In what seems to be a blink of an eye, the time has come. Your child is soon off to university! But what university? Where will they go? How far away will they be? Although you had 18 years to prepare for this moment, you probably still have a lot of questions when it comes to helping your child choose the right university to ensure a happy and fulfilling future.
So, as a starting point, we’ve put together these 5 tips to help guide conversations and decision-making with your high school graduate!
There’s a lot of new information your student will have to absorb in the months leading up to their university applications (on top of their high school workload), so starting the conversation early is key. Early conversations provide more time to explore your student’s interests and options; to make sure they’re succeeding in their high school courses and meeting the admission requirements of prospective universities (and getting the proper support if not); and ensure that application deadlines are met in terms of admissions and scholarships.
Of course, there is a fine line to balance here: you don’t want to force your student to have a conversation they’re not ready for, but you do want to make sure they’re thinking of their future and all of their options.
If your student hasn’t already brought up the idea of attending university, gently start the conversation by letting them know that you’re there to listen, support, and guide if necessary. If they’re receptive to the conversation, you can start with the basic questions such as have you given any thought to what you want to do after high school?
Once you feel your student is ready, try taking them through the 5 questions you should ask before applying to college or university.
We’ve already mentioned this point (and will continue to reiterate throughout this blog), but we think it’s so important that it deserves to stand on it’s own.
When all is said and done, it’s your student who will be living out the next 3-4 years at university.
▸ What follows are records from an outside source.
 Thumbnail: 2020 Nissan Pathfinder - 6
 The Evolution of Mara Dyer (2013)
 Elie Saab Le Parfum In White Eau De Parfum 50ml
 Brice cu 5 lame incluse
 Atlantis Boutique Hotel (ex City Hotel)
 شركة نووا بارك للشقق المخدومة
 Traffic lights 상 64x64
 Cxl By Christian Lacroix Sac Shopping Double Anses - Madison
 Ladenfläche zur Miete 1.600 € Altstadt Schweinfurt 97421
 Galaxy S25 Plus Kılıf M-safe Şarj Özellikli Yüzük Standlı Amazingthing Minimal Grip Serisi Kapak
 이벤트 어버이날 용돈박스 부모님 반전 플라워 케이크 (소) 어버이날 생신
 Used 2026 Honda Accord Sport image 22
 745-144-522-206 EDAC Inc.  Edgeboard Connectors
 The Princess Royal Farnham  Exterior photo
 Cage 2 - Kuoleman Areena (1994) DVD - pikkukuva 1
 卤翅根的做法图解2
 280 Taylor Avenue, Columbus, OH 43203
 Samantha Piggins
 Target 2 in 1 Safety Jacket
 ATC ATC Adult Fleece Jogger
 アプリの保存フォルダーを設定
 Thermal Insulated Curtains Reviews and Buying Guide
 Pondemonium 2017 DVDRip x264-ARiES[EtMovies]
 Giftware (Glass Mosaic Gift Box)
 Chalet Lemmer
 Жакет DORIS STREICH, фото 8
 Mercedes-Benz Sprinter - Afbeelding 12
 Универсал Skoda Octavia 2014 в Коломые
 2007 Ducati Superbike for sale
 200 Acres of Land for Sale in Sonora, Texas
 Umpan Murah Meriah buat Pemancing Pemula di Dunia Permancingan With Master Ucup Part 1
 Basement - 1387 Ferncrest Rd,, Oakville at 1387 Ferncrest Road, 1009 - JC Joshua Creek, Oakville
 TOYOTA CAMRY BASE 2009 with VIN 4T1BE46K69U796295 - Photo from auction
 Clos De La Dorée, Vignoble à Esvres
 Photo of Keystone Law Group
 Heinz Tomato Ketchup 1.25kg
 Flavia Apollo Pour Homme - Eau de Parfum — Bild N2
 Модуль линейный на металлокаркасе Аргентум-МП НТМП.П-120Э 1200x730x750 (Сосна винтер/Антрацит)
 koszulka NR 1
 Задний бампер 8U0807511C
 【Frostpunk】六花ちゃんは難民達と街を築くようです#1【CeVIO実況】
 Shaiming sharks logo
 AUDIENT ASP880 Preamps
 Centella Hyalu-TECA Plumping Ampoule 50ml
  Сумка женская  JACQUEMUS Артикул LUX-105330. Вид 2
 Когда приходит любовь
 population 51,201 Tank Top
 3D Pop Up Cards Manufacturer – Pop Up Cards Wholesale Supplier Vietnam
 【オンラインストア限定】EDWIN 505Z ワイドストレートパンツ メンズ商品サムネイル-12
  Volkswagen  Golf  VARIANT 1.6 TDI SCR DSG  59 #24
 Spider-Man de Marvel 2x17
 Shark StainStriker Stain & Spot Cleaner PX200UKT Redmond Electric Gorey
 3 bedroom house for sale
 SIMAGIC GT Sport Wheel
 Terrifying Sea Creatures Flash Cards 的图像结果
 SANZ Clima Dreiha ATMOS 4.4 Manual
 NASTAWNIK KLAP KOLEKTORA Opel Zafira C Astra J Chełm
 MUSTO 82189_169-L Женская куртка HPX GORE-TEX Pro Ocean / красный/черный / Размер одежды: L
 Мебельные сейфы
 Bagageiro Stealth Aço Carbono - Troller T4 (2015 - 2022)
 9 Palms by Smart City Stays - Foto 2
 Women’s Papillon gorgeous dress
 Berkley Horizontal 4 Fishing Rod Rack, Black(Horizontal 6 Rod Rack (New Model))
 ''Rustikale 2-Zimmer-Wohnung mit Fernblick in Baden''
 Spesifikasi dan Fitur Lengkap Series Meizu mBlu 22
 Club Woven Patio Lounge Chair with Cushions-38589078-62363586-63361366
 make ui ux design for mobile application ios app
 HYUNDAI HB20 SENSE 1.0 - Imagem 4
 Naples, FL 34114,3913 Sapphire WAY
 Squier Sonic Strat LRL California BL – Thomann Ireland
It’s your student who will be doing the work, making new friends, joining societies and mapping out their career. It’s your student who will be finding their fit, wherever it is they may choose to study. So, try taking a step back and truly listen to what they want. Their happiness and overall mental well-being will amplify their chance for success within the classroom!
When talking to your student about university, remember that it is their decision first and foremost. Recognize this as a stepping stone into adulthood, where they will be faced with many decisions to make that are sometimes difficult.
Be there to support, but mostly, listen.
Once you’ve started the postsecondary conversation with your student and listened to their wants and needs, it’s beneficial to do your own research (within their given boundaries) in order to have a better understanding of what options meet these needs. There may be universities and opportunities that fulfill your student’s goals personally and academically that they have not yet thought of. And, if you don’t agree with your child’s choices, doing some research may help you better understand their choice and stand behind them with support.
More to this point: university programs, supports, and processes may have changed since you were a prospective student. So, researching will help make sure you and your student are both on the same page in terms of options, language, and so on.
All of this might sound a bit tedious, but the good news is you’re already conducting research just by reading this blog, so this is a great start! Other sources of information are the university’s website, our Domestic viewbook (or alternatively, our International viewbook or Unama’ki College viewbook), reviews on social media, or even talking to your own networks for a word-of-mouth recommendation. Keep open minded while doing your research, make it broad, and remember, focus on what your student wants.
Education is an investment with a huge return, and there are a number of things to think about and discuss with your student before they choose a university. First of all, are you planning on contributing financially to their tuition and fees? If so, how much are you able to afford?
Once you openly discuss whether or not you’re able to support your student financially, next steps will become evident, such as narrowing down their list of potential universities to fit your budget, and/or looking into scholarship opportunities, financial aid and student loan programs. You can also speak to your student about work-study bursaries and programs, or the possibility of studying part-time while gaining paid work experience.
Overall, set expectations up front. If your student has their heart set on a university outside of your price range, make sure they understand their other options in terms of payment, and provide support when it’s time to apply for scholarships and/or student loans.
After your student has created a short-list of potential universities, it’s extremely beneficial to take them to visit each campus on their list (if they’re not too far away). Campus tours allow your student to picture themself on campus first-hand, visualizing what it would be like to be a student at the university. It also gives you and your student the chance to meet some of the faculty and staff working on campus, ask specific questions, and get a feel for the overall campus culture and safety. After your campus tour, you can also scope out the surrounding city if it’s outside of the area where you currently live.
Prior to your campus visit, help your student do some extra research on the institution you’re scouting, and compile a list of questions to ask.
If any of the campuses on your student’s list are not within reasonable travel distances, look to see if they have virtual campus tours, or check out their social media channels for pictures and videos.
Start the conversation about your child’s post-secondary journey early. Listen, listen, listen to what they want out of their studies. Then, research within these boundaries, perhaps pointing out opportunities they may not have known about or thought of. Be honest and open about finances, and support them with application processes. And lastly, if possible, accompany them on campus tours (if that’s what they want).